►

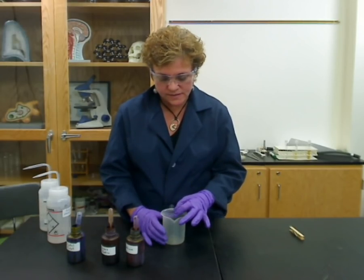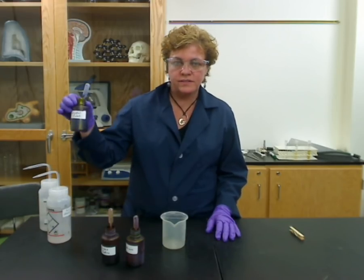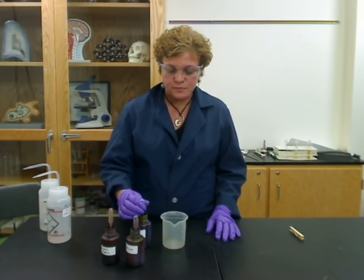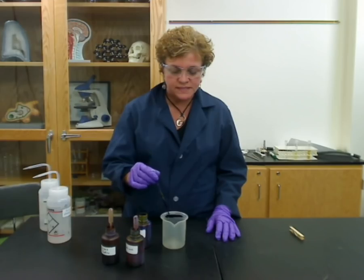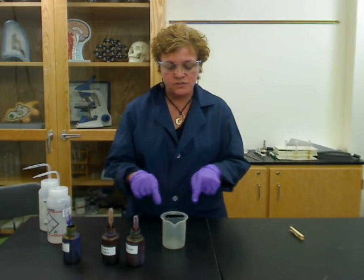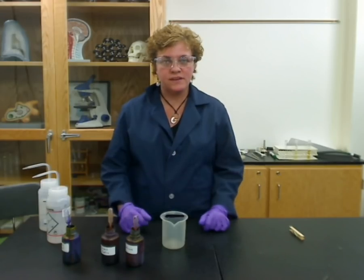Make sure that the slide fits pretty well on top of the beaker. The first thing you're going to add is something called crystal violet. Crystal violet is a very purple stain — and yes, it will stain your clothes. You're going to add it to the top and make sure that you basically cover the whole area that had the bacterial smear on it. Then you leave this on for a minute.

◄
►

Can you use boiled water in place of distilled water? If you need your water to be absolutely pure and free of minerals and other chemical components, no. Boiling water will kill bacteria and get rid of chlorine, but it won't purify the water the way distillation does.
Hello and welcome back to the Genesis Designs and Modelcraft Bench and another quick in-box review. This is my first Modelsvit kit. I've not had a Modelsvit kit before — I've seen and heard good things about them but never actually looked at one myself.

◄
►

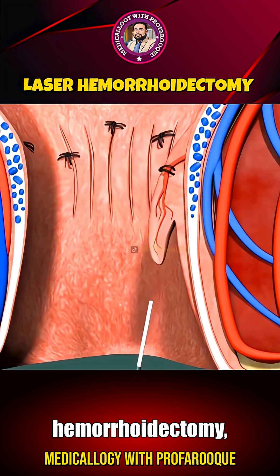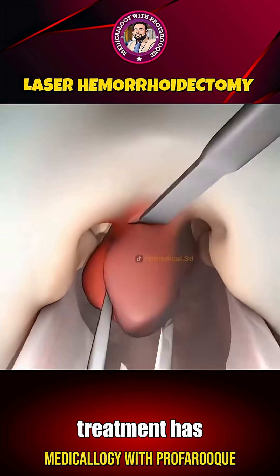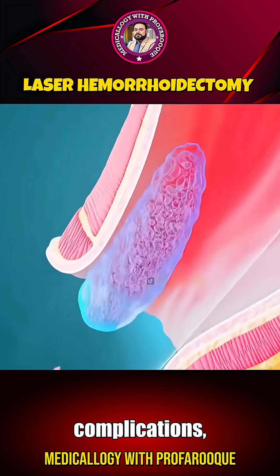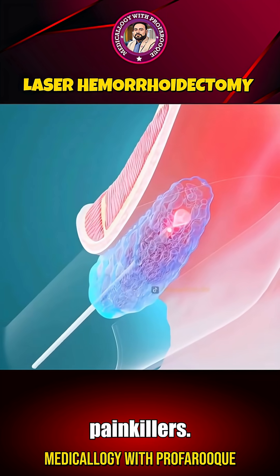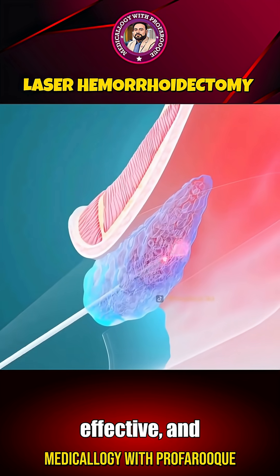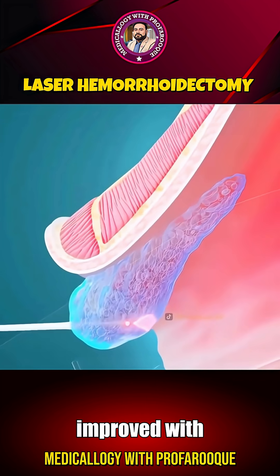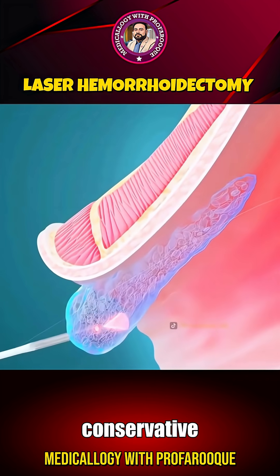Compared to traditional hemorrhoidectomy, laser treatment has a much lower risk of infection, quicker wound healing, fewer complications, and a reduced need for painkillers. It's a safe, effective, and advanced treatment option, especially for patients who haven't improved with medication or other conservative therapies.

◄

## Task brief:
In the data above, retype exactly and only the lines between the one holding "Can you use" and the one holding "Hello and welcome", inclusive.

## Task output:
Can you use boiled water in place of distilled water? If you need your water to be absolutely pure and free of minerals and other chemical components, no. Boiling water will kill bacteria and get rid of chlorine, but it won't purify the water the way distillation does.
Hello and welcome back to the Genesis Designs and Modelcraft Bench and another quick in-box review. This is my first Modelsvit kit. I've not had a Modelsvit kit before — I've seen and heard good things about them but never actually looked at one myself.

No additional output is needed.